According to the World Health Organisation (WHO) World Mental Health Day raises public awareness about mental health issues and promotes open discussion.
This year’s theme is “Investing in mental health”.
According to WHO: “The majority of low- and middle-income countries spend less than 2% of their health budget on mental health.
“Many countries have less than one mental health specialist per one million population. Even a considerable part of the limited resources is spent on large mental hospitals and not for services delivered through community and primary health care.”
“Eye See” – Rachel Fricker
“Medication for me has always been a big issue. I have always had to take it for physical problems. And that can put a lot of pressure and a lot of feeling guilty if you are not taking it properly.
“I also have mental health problems which sometimes require medication. There are lots of questions like should I be taking this medication if I have mental health problems, it’s not quite as clear cut.
You wonder which parts are you and which parts are the medication.”
“I am” by Doreen
“For me, (it is) the mental hospital, I am a person, I am not a number or a lable, I am a human being, and I feel you lose your identity when you are caught up in the system.”

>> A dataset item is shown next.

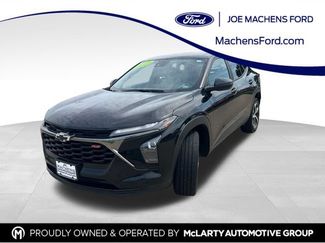Used 2025 Chevrolet Trax RS w/ Driver Confidence Package FWD 360° Tour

“For people with no mental health problems they might be able to understand where we are coming from, and not see us as certain types of people, we are human beings.”
“Memory” – Diane
“During my life I experienced bouts of depression (as a teenager). I have been there in a room, and then not there. It was the only way I could cope at the time. The footprints are, as a young child, I think I was quite happy, but I don’t really remember it.

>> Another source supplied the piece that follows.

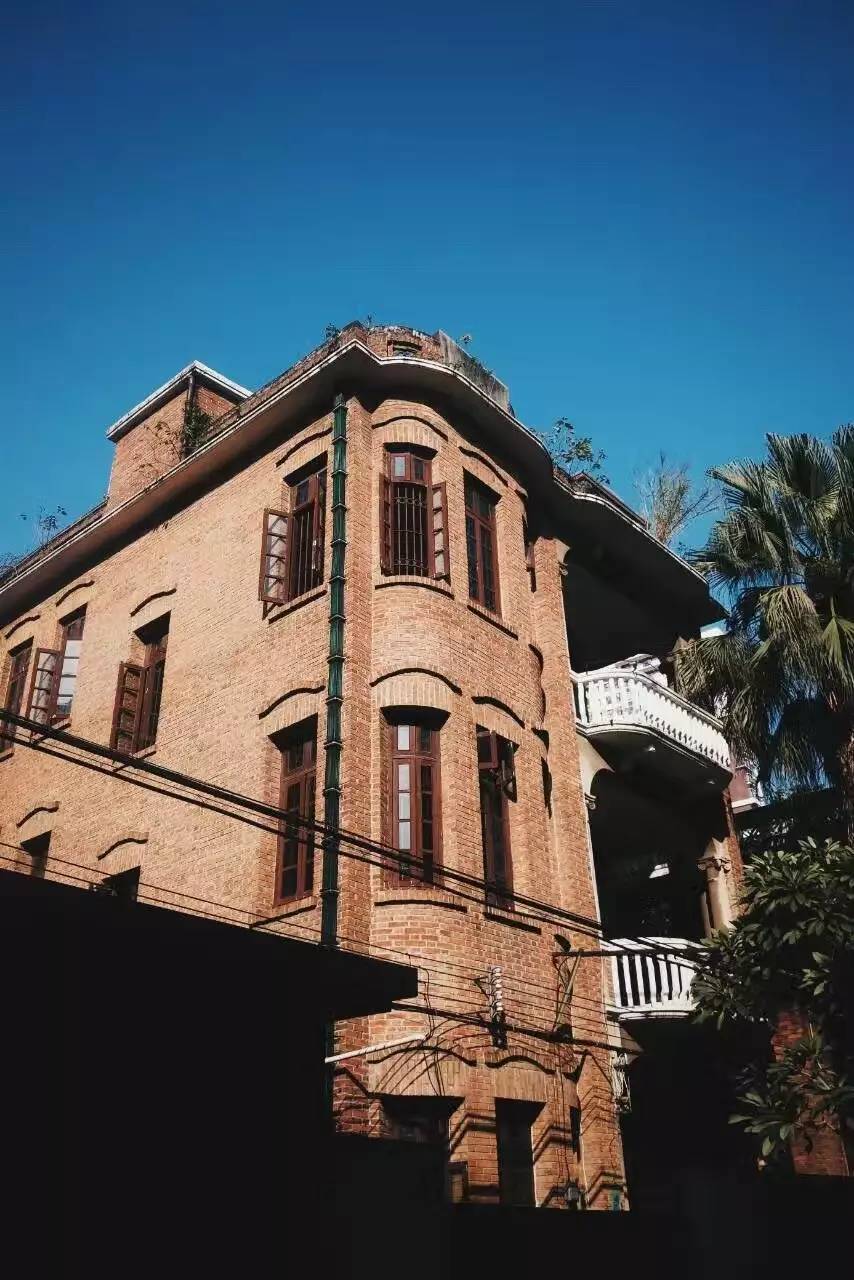 廣州覺園1984，來這里感受民國藝術(shù)的氣息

“The footsteps signify happier times, being younger, as I grew up to get to the teenage years, it gets a bit darker.
“I never found out what was happening to me until I was pregnant with my first child and was hospitalised. It was my past history and they wanted to keep an eye on me (in case of baby blues).”
“New Dawn, New Day” – By Nicola Proud
“I got up very early one morning and took this picture. You often hear “it’s darkest before the dawn” and when you are in that very dark place you exist, you don’t see that there are any tomorrows. I also think sometimes for people with depression, there is no future, you get your label sometimes stuck in the system.
“I felt, that this is a new dawn, a new beginning.
“If you do go and get help, through your GP, and through the mental health services, and you get the right support in place, then anything is possible.”